Low Newton was a notable exception: Friday afternoon activities, including education, had been reinstated after listening to feedback that women were bored. Ashfield also maintained a more structured and active Friday routine – prisoners were able to attend education or workshop sessions in the morning and participate in enrichment activities in the afternoon, providing a fuller and more engaging day. We found some impressive afternoon activities running at Bronzefield, including a creative writing workshop and the Duke of Edinburgh award, but only for a minority of women. Stocken had also run an employment event on a Friday afternoon.
More positively, the opportunity for social visits was sometimes offered on a Friday afternoon. We found that gym and library continued to run on Fridays in some prisons, but this was not consistent, and sessions were limited to small numbers of prisoners.
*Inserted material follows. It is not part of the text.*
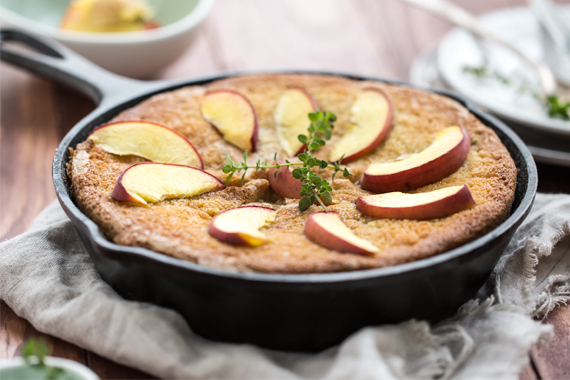 peach-thyme-skillet-cake_2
Jails often made use of the otherwise inactive Friday afternoons to distribute canteen goods to prisoners, but the process of unlocking prisoners individually to distribute items was slow and consumed much of the afternoon. Although access to Muslim prayers operated smoothly and on time in most prisons we visited, in one we found prisoners unable to take part in this act of worship due to the unavailability of an Imam.
Some governors we spoke to were resigned to Fridays becoming an extension of the weekend. Others expressed a desire to run a more purposeful regime and were frustrated at the contract limitations that had failed to resource education and workshops in the afternoon. A group of prisoners told us that their strongest wish was for Friday to be a working weekday like any other and to prevent the very restricted weekend regime from beginning on a Friday.
However, with real-terms cuts to education delivery of as much as 50% in some prisons, the new contracts introduced in October are likely to further limit opportunities for a full and productive purposeful week. How far Friday mornings routinely become the start of a weekend of extended and excessive lock-up in prisons will be reviewed by inspectors in the coming months.